12.コヨーテ達の休息

真面目にスルー推奨です。

某BLサイトに投稿してアマギフをせしめようと思ったら、なんと5月までに入会してないと無効だとか! 途中まで書いてどうしようか悩んだのですが、仕方なく最後まで書きました。

——————————————————


 高層ビルが建ち並ぶ都市のとある屋上から、ツヨシは空を見上げている。


 深く澄んだ青は頭上にどこまでも広がっていて、遥か上空を横切る飛行機からの轟音が小さく遅れて耳に届く。地上を走っているであろう車が出す喧騒も、彼のいる屋上までは届いてこない。


 揃いの黒いスーツのズボンから片手を出して、咥えていた煙草をコンクリートの床に投げ捨てると、ふっと口もとを緩めて視線を落とした。その先には、相棒の美琴みごとカケルの姿がある。


「準備はできたか?」


 グレーのスーツにブルーのネクタイを品良く着こなした金髪の青年は、下半身を露出した状態で立ち上がった。


「うん、ツヨシさん。いつでも大丈夫だよ」


 二人は屋上の端に向かって歩き、少し手前でツヨシだけが先に立って片膝をついた。両手は肩のところで固定され、何かを担ぐような姿勢を保っている。


「いいぜ、来いよ」


 うながされたカケルは、ツヨシの身体をまたがるように移動して、兵器の位置を彼の両手の上に合わせた。

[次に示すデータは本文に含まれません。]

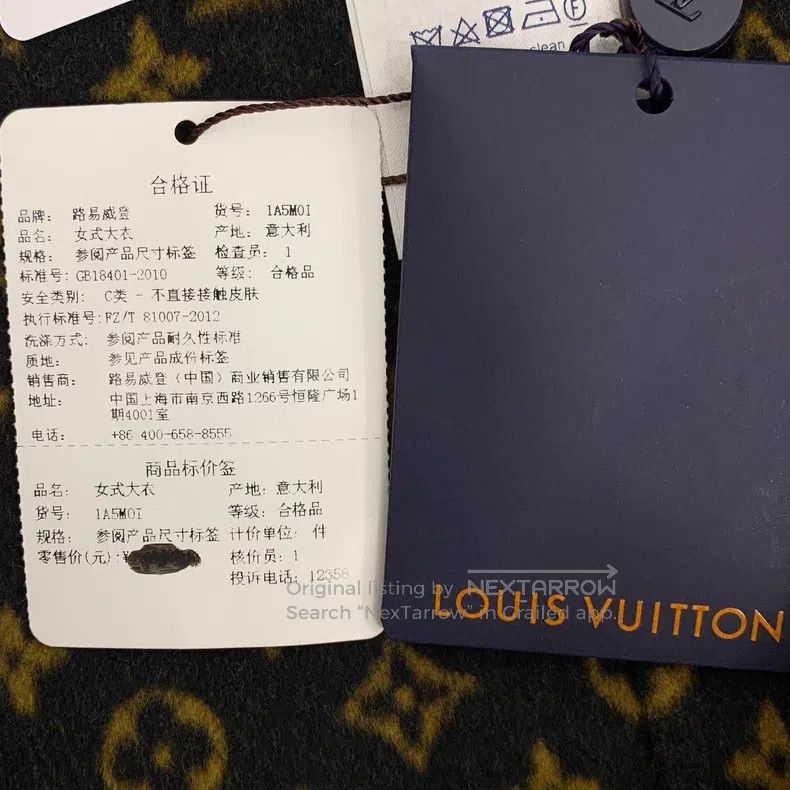 Louis Vuitton Louis Vuitton Wool lapel cloak coat in black with full pri Size XS / US 0-2 / IT 36-38 - 8 Thumbnail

 二人はこれから、3○○m離れたビルの中にいる標的を殺す。どのような理由があってそれは殺されるのか、誰によって決められたのかさえ二人は知らない。どうでも良かった。これは身寄りのない孤児だった二人が、生きていくために身につけた唯一のすべなのだ。


 カケルは下半身を露出したまま、いつもの通り双眼鏡を覗き込んで、標的の状況をツヨシへと伝達する。彼の首元で風にはためくブルーのネクタイ。ツヨシはそれを確認し、深呼吸して、カケルの棒を左の手で握りしめた。


 煙草に含まれていた交感神経を抑制するためのβ遮断薬は、その直後から急速に脳内へ取り込まれ、指先の震えが止まり精密機械のような静寂を提供する。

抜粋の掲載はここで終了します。